Apply the binary-lens equation to an affix.

Conventions: - the heaviest body (mass m1) is the origin; - the lightest body (mass m2) is at (-s, 0).

Parameters:

  • s – separation

  • q – the lens mass ratio q = m2/m1.

  • z (complex) – complex number in the lens plane.

  • xcoords (float)

  • eps (float)

Returns:

numpy array of the corresponding position in the source plane

moana.lens.shape(s, q)[source]

Compute the limit between resonant and close-separation caustics.

Parameters:

  • s (ndarray) – list of separation values.

  • q (ndarray) – list of lens mass ratios.

Returns:

list of str, where ‘c’ means close, ‘r’ means ‘resonant’, and ‘w’ means

wide’.

Return type:

ndarray

moana.lens.wide_limit_2l(q)[source]

Compute the limit between resonant and wide-separation caustics.

Parameters:

q (ndarray) – list of lens mass ratios.

Returns:

limit as a function of q.

Return type:

ndarray

moana.lens.wk(z, affix, mass_fraction, k)[source]

Evaluate the function W_k(z) (see Cassan, 2017).

The complex function W_k(z) is used to compute the lens equation, the caustics and many other microlensing quantities, such as derivatives. The definition used does not depend on the reference frame, nor the number of point lenses. Let’s assume that we have N point lenses in what follows.

Parameters:

  • z (complex) – affix of the point where W_k(z) is evaluated.

  • affix (ndarray) – array (shape: N, type: complex) of the affix of each point lenses.

  • mass_fraction (ndarray) – array (shape N, type: float) with the corresponding mass fractions.

  • k (int) – order of the function W_k(z).

Reference frames

class moana.frames.LensReferenceFrame(center='barycenter', x_axis='12')[source]

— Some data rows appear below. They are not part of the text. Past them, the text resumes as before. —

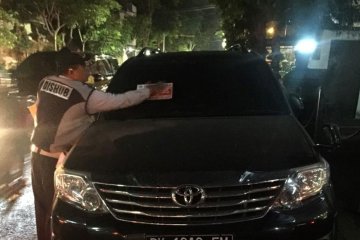 Dishub Denpasar tertibkan kendaraan parkir di kawasan jalan utama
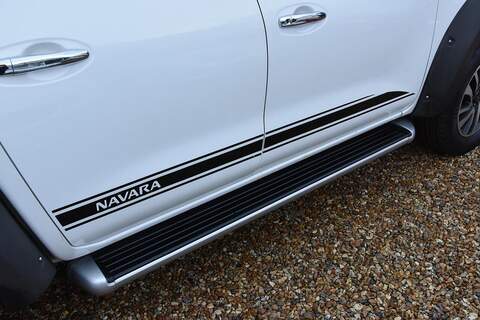 Nissan Navara 2.3 dCi Tekna Auto 4WD Euro 6 4dr - U1757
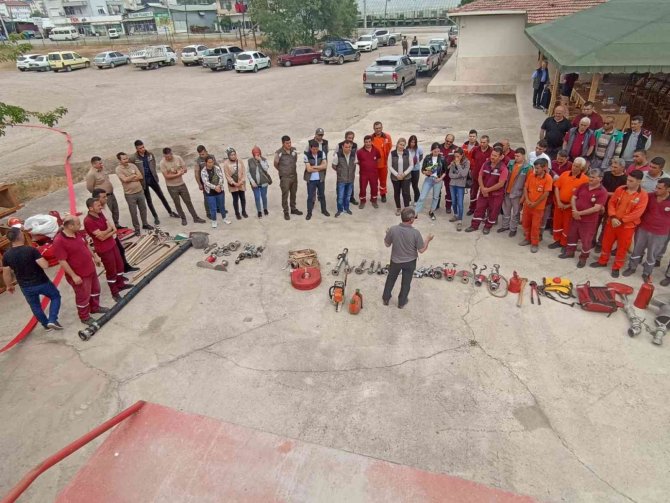 Kumluca’da Orman İ̇şletme Personellerine Yangınlara Yönelik İşbaşı Eğitim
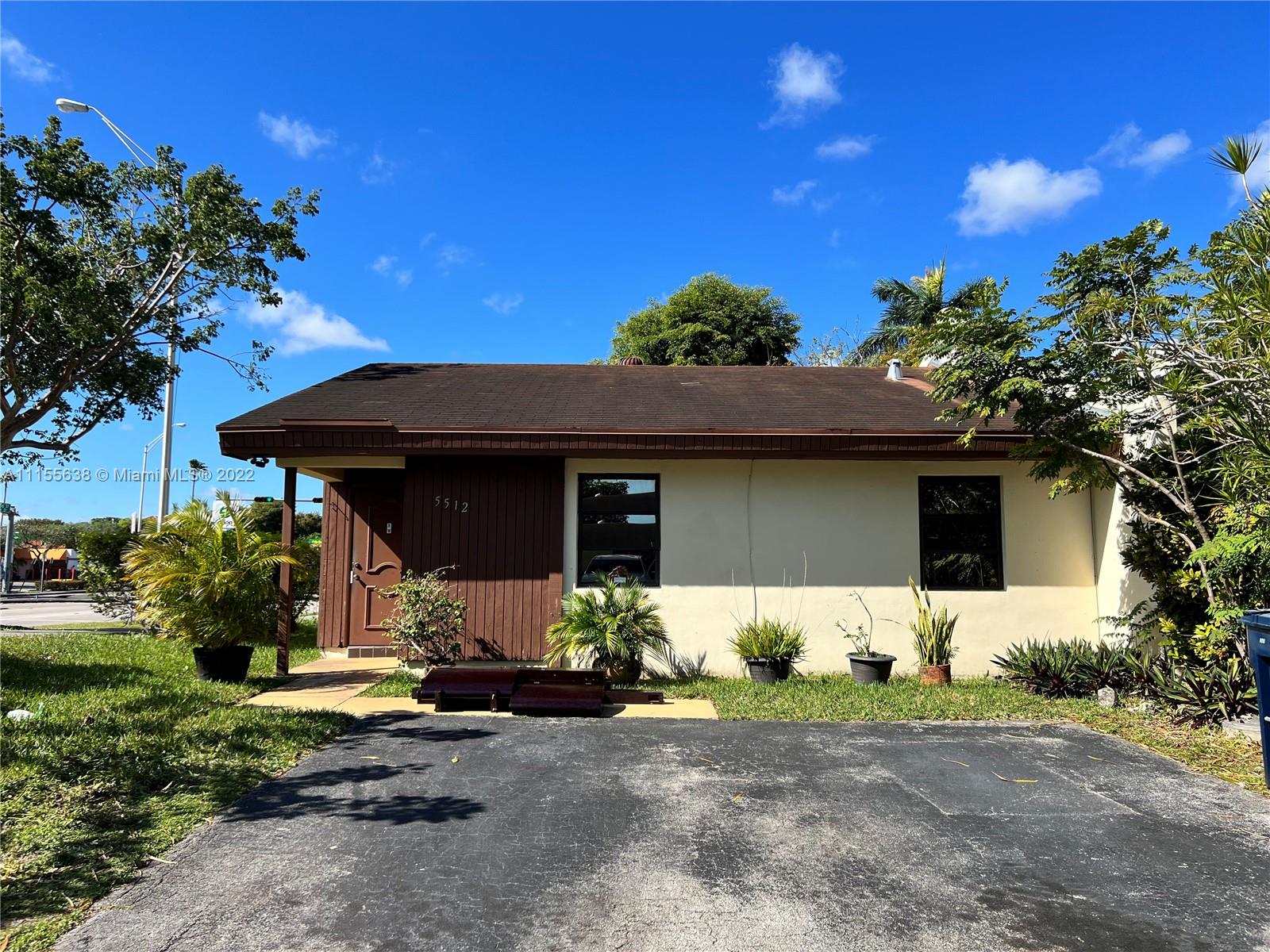 5512 SW 139th Pl Unit: 5512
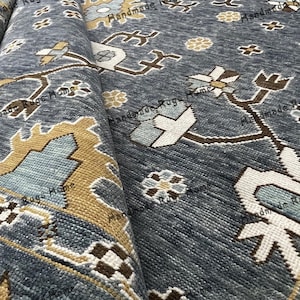 Hand-Knotted Oushak Rug: Gray Wool Carpet, Vintage Floral Design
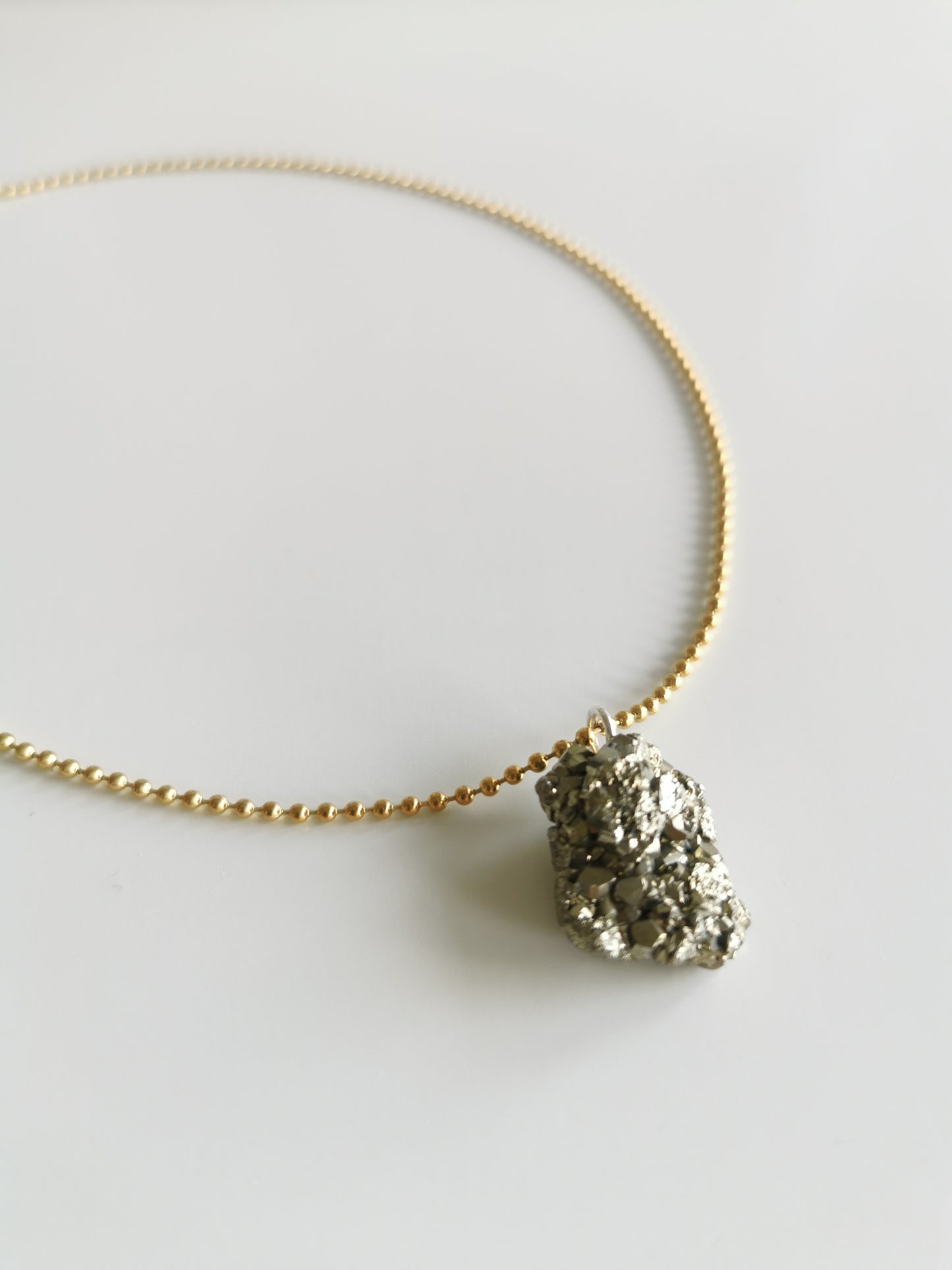 COLLIER PIERRE PYRITE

Reference frame where x-axis is a lens symmetry axis.

Parameters:

  • center (hint_frame) – origin of the frame.

  • x_axis (hint_dir) – direction of the x-axis. The primary (secondary) is ‘1’ (‘2’), so ‘12’ means: ‘from the primary, to the secondary’.

to_frame(z, new_frame, **kwargs)[source]

Compute positions in a new reference frame.

Parameters:

  • z (ndarray) – position in old reference frame.

  • new_frame (LensReferenceFrame) – new reference frame.

Keyword Arguments:

  • sep (float) – separation in Einstein units.

  • gl1 (float) – distance from the barycenter to the primary, in Einstein units

Statistics

class moana.estimators.SampledPosterior(sample, labels, limit=None, weights=None)[source]

Class to derive statistical properties from a sample.

Parameters:

  • sample (DataFrame) – sample for 1+ parameters.

  • labels (list) – labels of columns to include in statistics.

  • weights (str) – this str indicates which column is used to weight the samples.

sample

pandas.DataFrame of the parameters.

cdf

dict and for each label, cdf[label] is a numpy.array with sorted values in cdf[label][0] and the cumulative function in cdf[label][1].

build_cdf(label, weights=None)[source]

Build the cumulative distribution function.

Parameters:

  • label (str) – this str indicates which column is used.

  • weights (str) – this str indicates which column is used to weight the samples.

Returns:

Array of the sorted values (column 0) and the cumulative function

(column 1).

Return type:

array

find_limits(label, limit)[source]

Determine the parameter values based on a given probability.

Parameters:

  • label (str) – this str indicates which column is used.

  • limit (list) – list of probability values.

  • weights – this str indicates which column is used to weight the samples.

Returns:

Array of the corresponding values of the parameter.

Return type:

array

scatter_plot_scaling(width=6.614173228346457, optimize=True)[source]

Compute size of scatter plots and margins

Parameters:

  • width (float) – Size of the plot.

  • optimize (bool) – If True, the function will reduce each subplot so that the total plot size is the value of width. If False, then the margins will enlarge a little bit the plot, and the total size will be slightly larger than the given width parameter.

Returns:

List of float with with – - the total size of the plot; - the bottom and left margins; - the top and right margins; - the interplot spacing.

Return type:

list